As part of my project, I intend to study the geometry of certain CMC surfaces that appear in nature. For example, approximations to these special surfaces manifest themselves in studies of Fermi surfaces (equipotential surfaces) in condensed matter physics, and the related constant potential surfaces in crystals. They are also found in material sciences where certain CMC surfaces are seen to closely approximate surface interfaces in certain inhomogeneous mixtures, and as the boundary of the microscopic calcium deposit patterns in sea urchin shells. The geometry of such surfaces arising in nature has profound consequences for the physical properties of the materials in which they occur, which is the reason why they are studied in great detail by physical scientists and why my proposed project might interest a rather broad pool of scientists.
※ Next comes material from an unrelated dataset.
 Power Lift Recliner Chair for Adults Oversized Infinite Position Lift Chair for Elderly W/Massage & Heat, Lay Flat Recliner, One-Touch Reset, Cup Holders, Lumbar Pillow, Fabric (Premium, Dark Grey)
While my research proposal focuses on fundamental questions in Pure Mathematics and it is hard for me to formulate a detailed prediction, for the aforementioned reasons a timely completion of the research project could lead to some crucial long-term impact.
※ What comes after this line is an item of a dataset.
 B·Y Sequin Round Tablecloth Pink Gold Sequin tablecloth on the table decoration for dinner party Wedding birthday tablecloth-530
The UK is internationally recognised as a leader in Geometry, which is a fundamental part of modern mathematics and has applications throughout the physical and life sciences, engineering and ICT. This said, the EPSRC strategic plan clearly emphasises the need "to strengthen and develop the UK's connections between geometric analysis and partial differential equations.'' This was partially motivated by the IRMS 2010 landscape document for Geometry and Topology indicating such need and recommending that opportunities should be exploited for fruitful collaborations between analysis and other fields of the mathematical sciences, most notably in geometry and topology. This was later reiterated by the EPSRC Pure Maths Workshop (2012). The proposed project studies minimal and CMC surfaces and the theory of such surface is well-renowned for its interaction with the theory of PDEs. In fact, when a CMC surface is given as the graph of a function (always true locally) such graph satisfies a prototypical quasi-linear elliptic PDE. Thus my project provides an opportunity for the UK for strengthening its expertise in this field of research.
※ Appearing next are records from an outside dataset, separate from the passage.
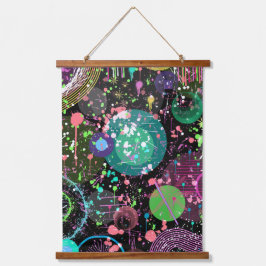 Flying Through Space: A Maximalist Abstract  Wandteppich Mit Holzrahmen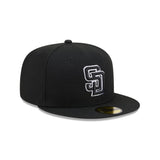 San Diego Padres Black & White Logo 59FIFTY Fitted Hat - New Era - 23011141912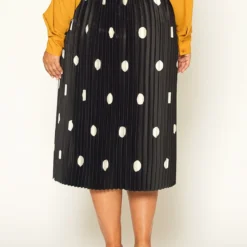 Pleione Plus Size Pleated Polkadot Midi Skirt -Radiant Drape Sales 2011311 172 2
The impact of my research project will also come from the training of a PDRA, my research visits and the visits to the UK of my collaborators. In particular, its impact will be enhanced by my and their involvement with the EPSRC funded new CDT at King's College London (jointly with Imperial College and University College London). Students who go on to careers in industry or applied scientific research, including possibly my current PhD student, will greatly benefit from being exposed to our research. Finally, the impact will be facilitated by a series of workshops and a public engagement event that I plan to organise at King's College London.